Die Frage einer gewinnbringenderen Bewirtschaftung der Devisenreserven der Nationalbank stand weiterhin auf der politischen Traktandenliste. Der Lausanner Ökonomieprofessor von Ungern-Sternberg warf der SNB vor, sie hätte mit einer attraktiveren Anlagepolitik in den letzten Jahren zusätzliche Milliardenbeträge erwirtschaften und damit auch die Ausschüttungen an die öffentliche Hand erhöhen können. Die FDP-Fraktion regte mit einer Interpellation eine Lockerung der Anlagevorschriften im Nationalbankgesetz an, welche heute die maximale Anlagedauer auf 12 Monate festlegen. Der Bundesrat gab bekannt, dass sich als Reaktion auf diese Kritik eine aus Angehörigen der eidgenössischen Finanzverwaltung und der Nationalbank gebildete Arbeitsgruppe mit dieser Frage, aber auch mit der Überprüfung der Golddeckung der Währung befasst. Diese Arbeitsgruppe veröffentlichte am 20. Dezember ihren Bericht. Sie kam darin zum Schluss, dass die Anlagepolitik geändert werden sollte. Insbesondere müssten stille Reserven in Zukunft in Rückstellungen umgewandelt, die Anlagevorschriften gelockert und der Golddeckungssatz von 40% auf 25% reduziert werden. Damit könnte die SNB ihren jährlich an den Bund und die Kantone zu verteilenden Gewinn um rund 400 Mio Fr. steigern [13]. Nationalrat Ledergerber (sp, ZH) reichte eine parlamentarische Initiative mit ähnlichen Zielen ein.

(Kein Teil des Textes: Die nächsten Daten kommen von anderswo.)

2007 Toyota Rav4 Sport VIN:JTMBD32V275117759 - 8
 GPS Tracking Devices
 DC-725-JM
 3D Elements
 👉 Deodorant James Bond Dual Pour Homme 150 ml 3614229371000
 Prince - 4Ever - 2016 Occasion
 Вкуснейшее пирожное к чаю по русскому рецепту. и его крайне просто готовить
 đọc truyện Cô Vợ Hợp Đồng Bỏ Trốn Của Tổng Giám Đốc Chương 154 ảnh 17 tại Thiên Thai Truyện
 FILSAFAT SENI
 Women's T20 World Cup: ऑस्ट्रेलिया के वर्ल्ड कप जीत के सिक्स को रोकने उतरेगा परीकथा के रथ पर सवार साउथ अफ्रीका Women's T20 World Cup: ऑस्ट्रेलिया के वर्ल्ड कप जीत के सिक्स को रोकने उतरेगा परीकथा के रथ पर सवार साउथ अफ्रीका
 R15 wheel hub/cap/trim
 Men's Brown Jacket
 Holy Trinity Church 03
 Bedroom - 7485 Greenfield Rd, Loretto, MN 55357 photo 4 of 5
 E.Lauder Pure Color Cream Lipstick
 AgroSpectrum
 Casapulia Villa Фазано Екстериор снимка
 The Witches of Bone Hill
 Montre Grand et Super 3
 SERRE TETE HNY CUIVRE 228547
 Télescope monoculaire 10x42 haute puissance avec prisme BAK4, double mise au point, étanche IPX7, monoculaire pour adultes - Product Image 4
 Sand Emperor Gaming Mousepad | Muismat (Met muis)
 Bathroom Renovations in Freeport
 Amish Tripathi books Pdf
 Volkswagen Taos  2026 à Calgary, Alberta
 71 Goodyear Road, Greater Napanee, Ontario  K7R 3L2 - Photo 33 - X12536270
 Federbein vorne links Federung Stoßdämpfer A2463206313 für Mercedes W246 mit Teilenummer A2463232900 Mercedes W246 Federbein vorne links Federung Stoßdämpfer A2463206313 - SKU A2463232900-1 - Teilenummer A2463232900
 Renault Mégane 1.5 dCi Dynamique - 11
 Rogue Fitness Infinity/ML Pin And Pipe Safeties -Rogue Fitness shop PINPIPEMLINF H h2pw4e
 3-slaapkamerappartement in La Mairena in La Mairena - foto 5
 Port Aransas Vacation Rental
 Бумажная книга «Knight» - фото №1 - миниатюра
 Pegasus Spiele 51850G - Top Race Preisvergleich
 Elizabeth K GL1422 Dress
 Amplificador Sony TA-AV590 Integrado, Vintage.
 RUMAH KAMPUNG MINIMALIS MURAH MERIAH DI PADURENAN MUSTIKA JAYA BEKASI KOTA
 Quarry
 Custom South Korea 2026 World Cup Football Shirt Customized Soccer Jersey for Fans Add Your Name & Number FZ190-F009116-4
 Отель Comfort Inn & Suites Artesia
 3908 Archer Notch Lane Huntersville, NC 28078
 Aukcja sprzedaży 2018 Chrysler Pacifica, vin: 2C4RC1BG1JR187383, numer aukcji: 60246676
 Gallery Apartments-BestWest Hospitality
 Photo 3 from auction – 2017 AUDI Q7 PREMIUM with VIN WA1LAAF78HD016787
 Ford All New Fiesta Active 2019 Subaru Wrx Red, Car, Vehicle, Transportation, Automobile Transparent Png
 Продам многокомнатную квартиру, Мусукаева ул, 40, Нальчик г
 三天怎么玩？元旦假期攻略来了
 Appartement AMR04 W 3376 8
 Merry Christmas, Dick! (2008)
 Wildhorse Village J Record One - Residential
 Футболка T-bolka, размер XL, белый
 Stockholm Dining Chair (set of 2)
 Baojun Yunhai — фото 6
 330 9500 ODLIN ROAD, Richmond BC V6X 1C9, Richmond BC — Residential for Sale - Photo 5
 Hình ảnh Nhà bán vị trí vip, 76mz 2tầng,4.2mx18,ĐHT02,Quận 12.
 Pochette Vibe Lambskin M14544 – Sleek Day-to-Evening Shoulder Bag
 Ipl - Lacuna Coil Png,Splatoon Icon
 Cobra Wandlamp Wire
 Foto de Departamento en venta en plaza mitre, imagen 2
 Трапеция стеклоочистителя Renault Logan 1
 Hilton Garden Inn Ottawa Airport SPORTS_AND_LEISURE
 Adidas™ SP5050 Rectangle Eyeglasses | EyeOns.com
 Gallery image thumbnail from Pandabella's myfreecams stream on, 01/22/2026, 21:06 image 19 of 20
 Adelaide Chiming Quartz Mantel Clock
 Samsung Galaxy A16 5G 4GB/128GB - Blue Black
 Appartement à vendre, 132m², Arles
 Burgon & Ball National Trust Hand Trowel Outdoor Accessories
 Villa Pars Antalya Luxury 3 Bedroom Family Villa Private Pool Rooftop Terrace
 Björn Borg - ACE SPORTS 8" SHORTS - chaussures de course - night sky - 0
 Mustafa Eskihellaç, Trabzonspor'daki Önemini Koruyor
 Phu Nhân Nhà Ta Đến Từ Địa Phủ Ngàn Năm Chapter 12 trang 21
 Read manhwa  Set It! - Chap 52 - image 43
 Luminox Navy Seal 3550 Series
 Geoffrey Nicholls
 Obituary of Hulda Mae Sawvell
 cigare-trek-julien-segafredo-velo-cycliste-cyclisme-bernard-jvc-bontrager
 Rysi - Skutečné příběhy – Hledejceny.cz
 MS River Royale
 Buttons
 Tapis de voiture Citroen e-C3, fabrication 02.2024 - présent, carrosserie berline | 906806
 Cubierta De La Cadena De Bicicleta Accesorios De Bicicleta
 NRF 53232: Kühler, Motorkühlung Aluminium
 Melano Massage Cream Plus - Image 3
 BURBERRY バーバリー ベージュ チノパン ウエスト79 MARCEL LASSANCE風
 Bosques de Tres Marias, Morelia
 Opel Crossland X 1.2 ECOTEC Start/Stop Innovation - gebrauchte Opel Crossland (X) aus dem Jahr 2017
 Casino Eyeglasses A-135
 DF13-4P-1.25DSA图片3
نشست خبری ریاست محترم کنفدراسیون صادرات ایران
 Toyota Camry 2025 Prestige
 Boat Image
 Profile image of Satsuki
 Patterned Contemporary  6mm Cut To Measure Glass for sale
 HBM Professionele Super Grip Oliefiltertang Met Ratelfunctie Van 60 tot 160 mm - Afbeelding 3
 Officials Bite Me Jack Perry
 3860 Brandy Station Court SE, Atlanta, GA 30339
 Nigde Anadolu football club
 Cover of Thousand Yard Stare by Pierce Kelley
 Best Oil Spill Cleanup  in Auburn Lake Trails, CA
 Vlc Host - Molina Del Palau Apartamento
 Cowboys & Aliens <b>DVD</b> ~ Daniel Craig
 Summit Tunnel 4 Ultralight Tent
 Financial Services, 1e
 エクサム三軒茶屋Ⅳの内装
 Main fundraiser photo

Dabei präzisierte er auch, wie die von ihm auf rund 5 Mia Fr. pro Jahr veranschlagten Gewinne zu verwenden wären: zu je einem Drittel für die Arbeitslosenversicherung, für die Tilgung der Schulden des Bundes und für die Kantone [14].
Die Nationalbank hatte sich zuvor ebenfalls dafür ausgesprochen, die Verfassungsvorschrift der Goldbindung des Frankens zu streichen (die Pflicht, Franken gegen Gold einzutauschen, war bereits 1953 aufgehoben worden). Diese Reform würde es der SNB zum Beispiel erlauben, einen Teil ihrer Goldreserven zu verkaufen und den Ertrag gewinnbringend anzulegen [15]. Im Entwurf für eine neue Bundesverfassung wurde diesem Anliegen Rechnung getragen. Anstelle der Verpflichtung, dass der Notenumlauf durch Gold- und Devisenbestände gedeckt sein muss, soll die Vorschrift treten, dass die Notenbank zur Bildung ausreichender Devisenreserven verpflichtet ist [16].
Eine Gruppe von politisch wenig bekannten Genfern lancierte im April eine Volksinitiative "für die Finanzierung aufwendiger und langfristiger Infrastrukturvorhaben". Diese sieht vor, in Zukunft die stillen Reserven der Nationalbank, welche sich aus der Unterbewertung der Aktiven ergeben, dem Bund zur Verfügung zu stellen. Konkret visiert das Volksbegehren die Goldreserve der Nationalbank an, welche gemäss den Übergangsbestimmungen der Initiative zu 80% des Marktwertes bilanziert werden soll. Als Verwendungszweck der Aufwertungsgewinne nennt die Initiative die Finanzierung der geplanten neuen Alpenbahntransversalen (NEAT) [17].
Gemäss Art. 39 BV verfügt der Bund über das Monopol zur Ausgabe von Banknoten, wobei er den praktischen Vollzug an eine zentrale, unter seiner Mitwirkung verwaltete Aktienbank delegieren kann. Bisher hatte das Parlament die Schweizerische Nationalbank für eine Zeitdauer von jeweils 10 oder 20 Jahren mit dieser Aufgabe betraut. Der Bundesrat beantragte dem Parlament, den auf 20. Juni 1997 auslaufenden Beschluss von 1976 um weitere 20 Jahre zu verlängern. Beide Parlamentskammern verabschiedeten den Beschluss diskussionslos und einstimmig [18].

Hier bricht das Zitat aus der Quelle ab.